DATASET CONTENT:
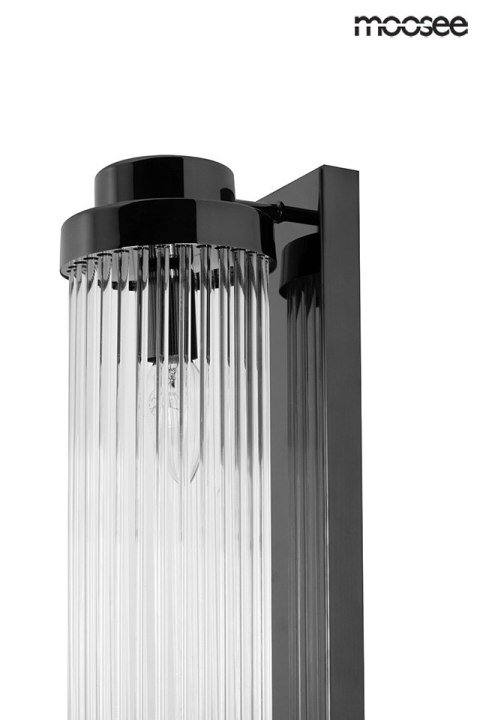Moosee MOOSEE kinkiet lampa ścienna COLUMN czarna stal szklane klosze transparentny 2 x E14 Moosee MOOSEE kinkiet lampa ścienna COLUMN czarna stal szklane klosze transparentny 2 x E14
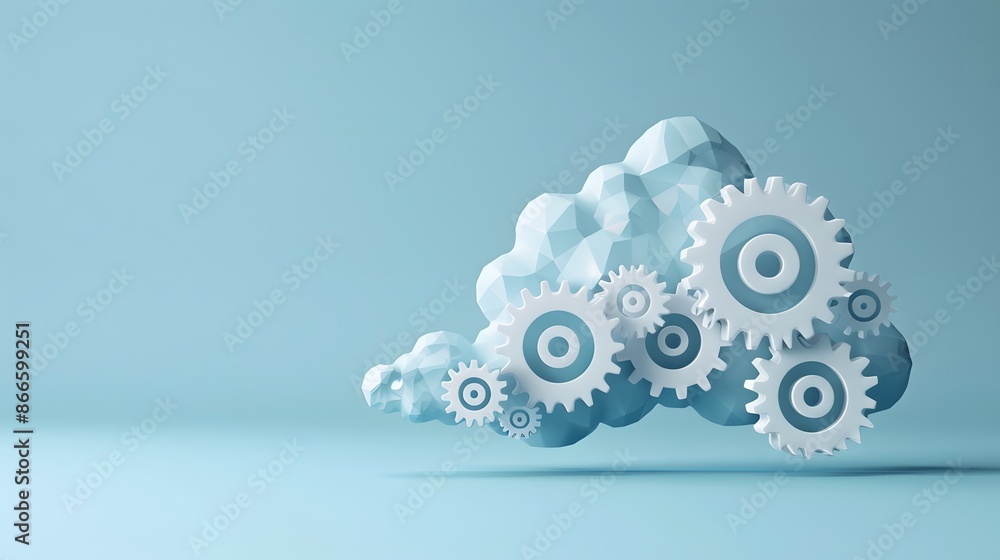 Poster conceptual cloud computing image with gears and cloud shape against a light blue background, represe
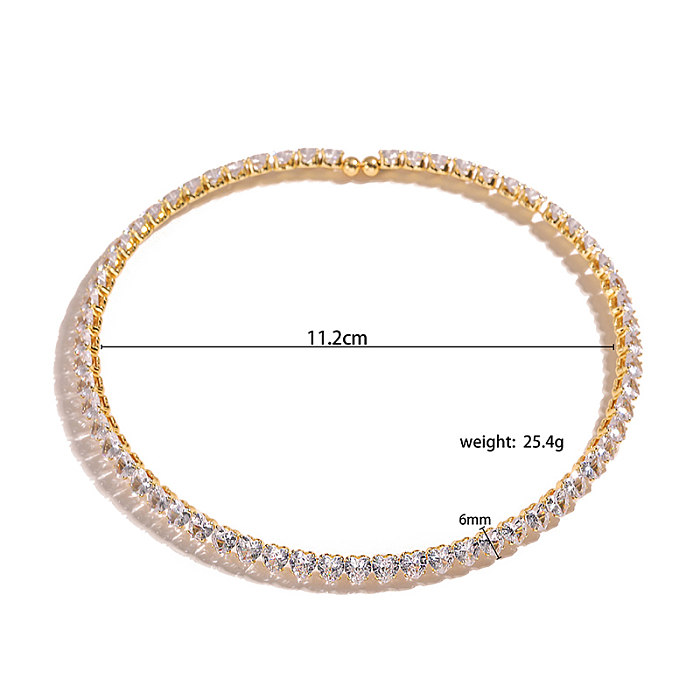 Lady Heart Shape Copper Plating Inlay Zircon 18K Gold Plated Bracelets Necklace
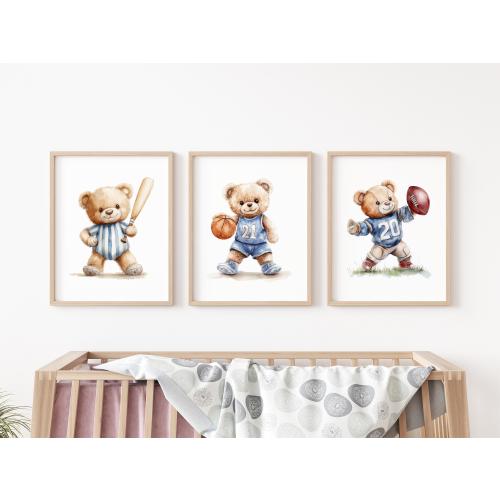 Sports nursery print set, Basketball football & baseball nursery decor, boys room decor, Vintage sport nursery art, Teddy bear sports prints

TASK: Pictures are not part of the copy. Please reproduce the material word for word.

ANSWER TO THE PROBLEM:
Moosee MOOSEE kinkiet lampa ścienna COLUMN czarna stal szklane klosze transparentny 2 x E14 Moosee MOOSEE kinkiet lampa ścienna COLUMN czarna stal szklane klosze transparentny 2 x E14
 Poster conceptual cloud computing image with gears and cloud shape against a light blue background, represe
 Lady Heart Shape Copper Plating Inlay Zircon 18K Gold Plated Bracelets Necklace
 Sports nursery print set, Basketball football & baseball nursery decor, boys room decor, Vintage sport nursery art, Teddy bear sports prints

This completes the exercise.